Eine der schönsten Fahrten, welche ich in meinem Leben gemacht habe, war von St. Louis nach dem deutschen Städtchen Hermann. In Gesellschaft von Freunden und Landsleuten aus St. Louis, welche sich in der gesunden Luft und auf den jungen Rebhügeln von Hermann zu erfrischen bedachten, fuhr ich den Missouri hinauf. Manchem bekannten Farmer, der aus seiner hübschen Besitzung dem vorbeifahrenden Dampfer zuschaute, wurde lachend zugerufen, und freudig begrüßten wir die deutschen Weinpflanzungen, welche hin und wieder die Uferhänge umstrickten. Die Blicke verweilten um so lieber auf dem hoffnungsreichen Grün, als sie ermüdet wurden durch die Kothwellen des Missouri, durch traurige Schlammufer und endlose Züge von treibenden dürren Baumstämmen. Unser Boot indessen steuerte geschickt durch alle Fährlichkeiten des Flußbettes und deckte uns auch einen vortrefflichen Tisch, ohne daß wir genöthigt waren, die Speisen hineinzujagen, als ging es ans Leben oder Sterben.
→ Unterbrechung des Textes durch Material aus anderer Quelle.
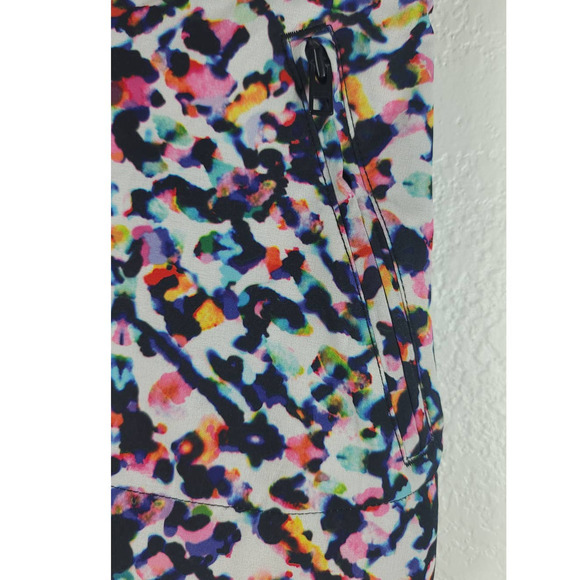 Athleta Water Color Splash Athletic Hiking Running Women's Shorts SZ 0 - Picture 5 of 8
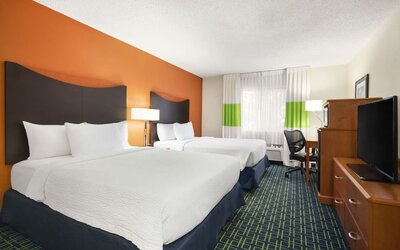 Day use room at Fairfield Inn & Suites Joliet North/Plainfield.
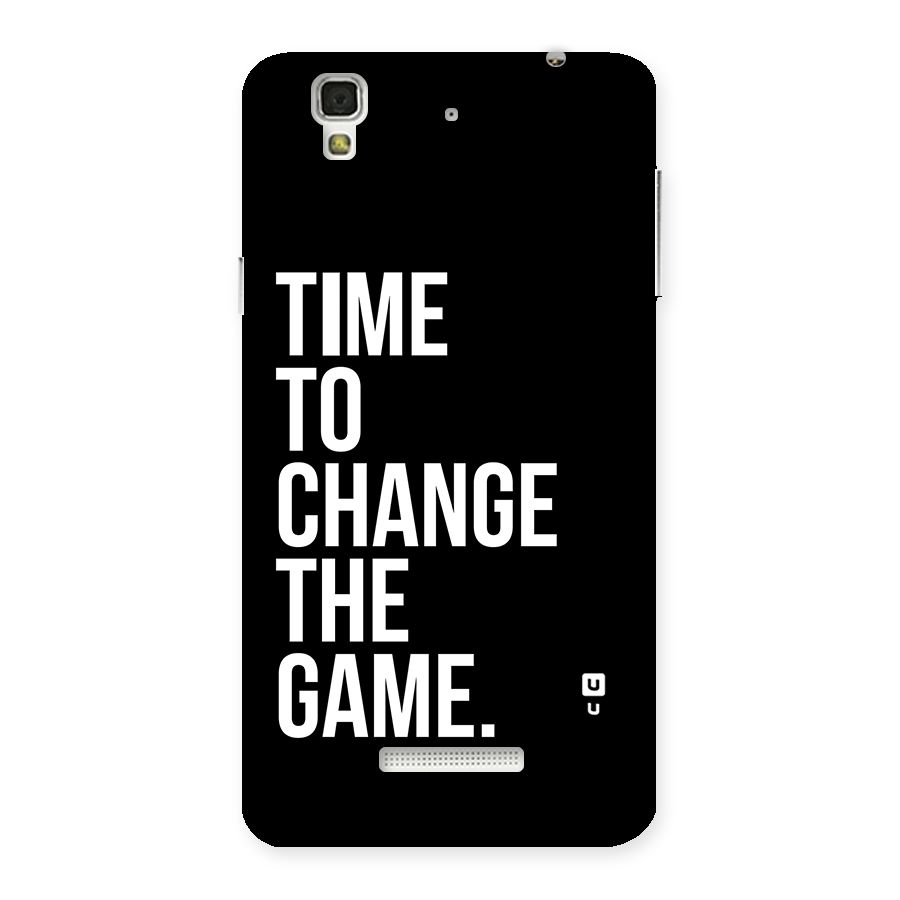 Time to Change the Game Back Case for YU Yureka Plus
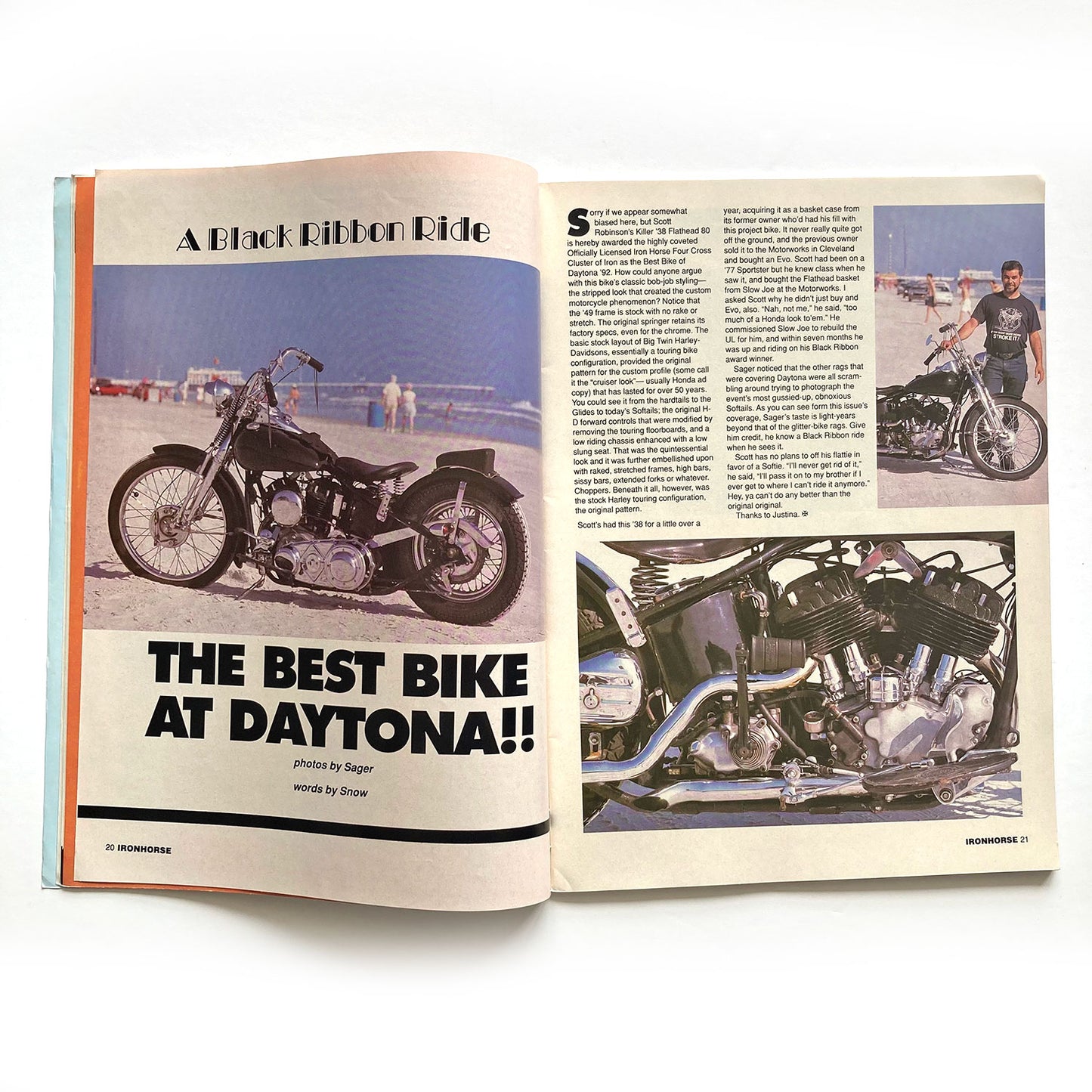 Iron Horse Magazine Issue 107, June 1992, Daytona special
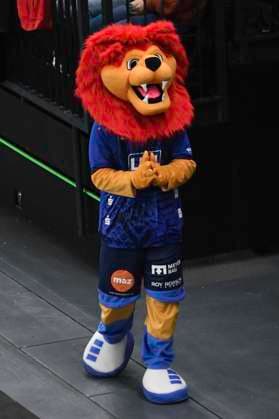 GER; 1.VBL, SVG Lueneburg vs FT 1844 Freiburg, 04.12.2023, LKH Arena, Lueneburg, GER; 1. VBL, SVG Lueneburg vs FT 1844 Freiburg, im Bild Feature das Maskottchen des SVG Ballue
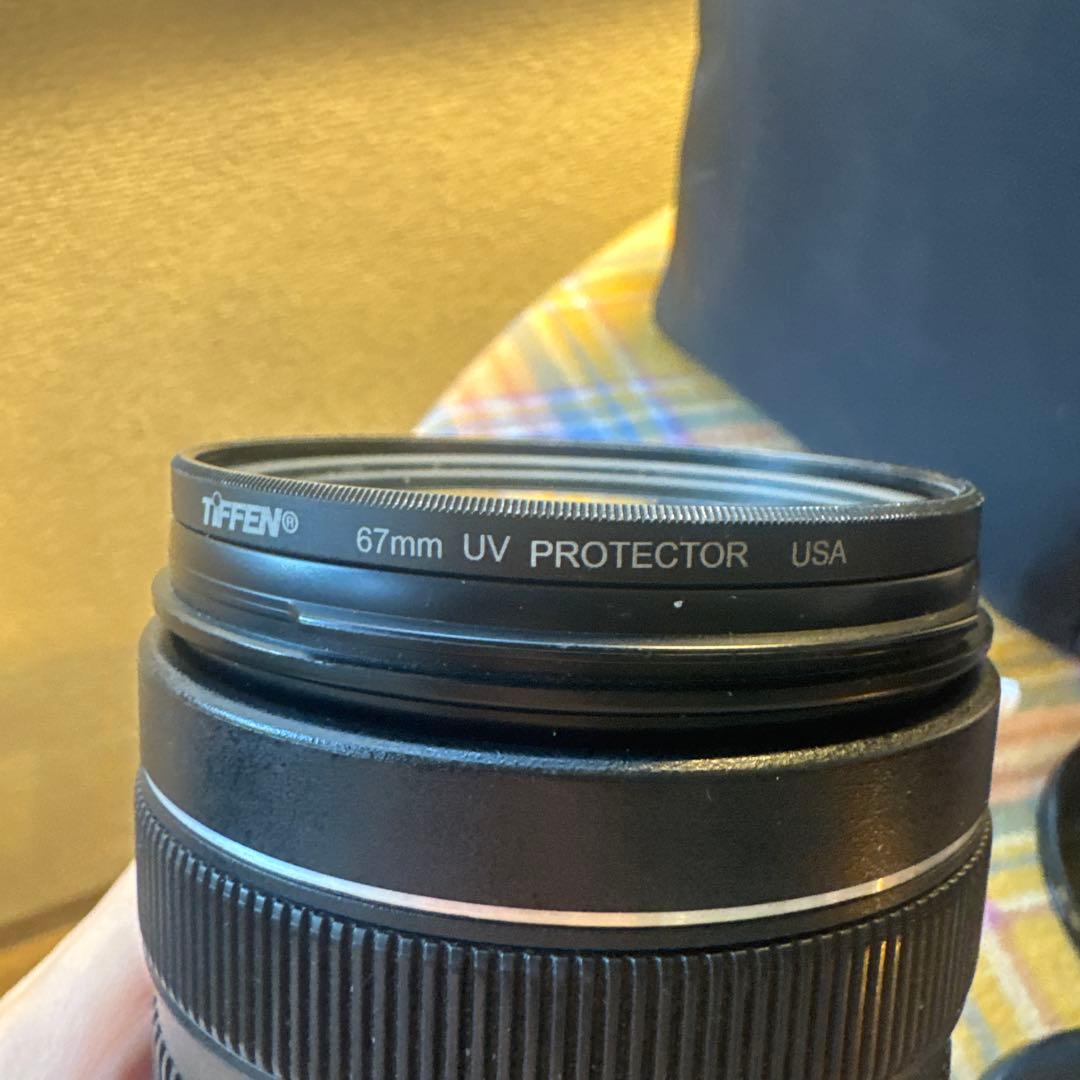 Canon EF-S 18-135mm ＋Tiffen 67mm UVフィルター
Weil Schiffsoffiziere und Reisende sich größtentheils als Deutsche kannten, so war man hier einmal von amerikanischer Sitte und Unsitte befreit. Das erste Mal in diesem Lande sah ich mich auf einem Boote, dessen Gesellschaft zum Vergnügen und nicht blos der Geschäfte willen reisete. Denn für gewöhnlich gleicht der Amerikaner auf der Reise einem Felleisen, das sich erst am Bestimmungsorte öffnet.


Inseln, welche nach und nach ihre Waldkronen höher hoben, Schwärme wilder Schwäne, welche sie umkreisten, die steilen Ufer Port Royals, stellenweise auch Aussichten, wie sie die Rheingestade zieren, Felsenwerk, welches in stattlichen Formen aus den Büschen hervorragte, – solche Abwechslungen verschönerten die Flußfahrt. Vorherrschend aber blieb der eintönige und grandiose Charakter amerikanischer Flüsse. Die Wasser fluthen so gewaltig, die Inseln, die Sandbänke, die verfallenen Bäume im und am Flusse, die endlosen Wälder und Prairien, alles das sieht aus, als wäre es sich noch ganz selbst überlassen. Begegnet man einer Farm am Ufer oder einem Boote, so wird die Landschaft auf einige Augenblicke freundlicher, weil die Menschennähe immer wohl thut; sind sie wieder verschwunden, so ist Alles wieder so wild und einsam, als wäre man auf dem ersten Fahrzeug, mit welchem der Mensch diese weiten Fluthen und Wälder zu durchmessen wagte.

Gegen Abend wurde die Gegend wieder belebter, Hügel mit hübschen Kuppen erhoben sich, und als die Sonne mit ihren letzten Gluthen Wald und Wasser vergoldete, traten die weißen Häuser von Hermann schimmernd aus der Ferne. Man sieht anfangs nur Kirche und Gerichtshaus auf feinen Hügeln mit einem hellen Gebäude an der vorspringenden Landung, das Boot braust um einen Uferhang, und man steht überrascht bei dem stattlichen Anblick der jungen Stadt. So groß und mit so viel netten Häusern hatte sich keiner von uns Hermann gedacht; auch war alles bald überzeugt, daß an landschaftlichen Reizen man schwerlich am Missouri eine begabtere Lage hätte finden können. Der herzliche Empfang, welcher uns am Ufer wurde, machte uns bald heimisch in Hermann. Ein lustiges Gelage zog sich bis tief in die Nacht, und weit über die finstern Gewässer des Missouri schallten die deutschen Lieder.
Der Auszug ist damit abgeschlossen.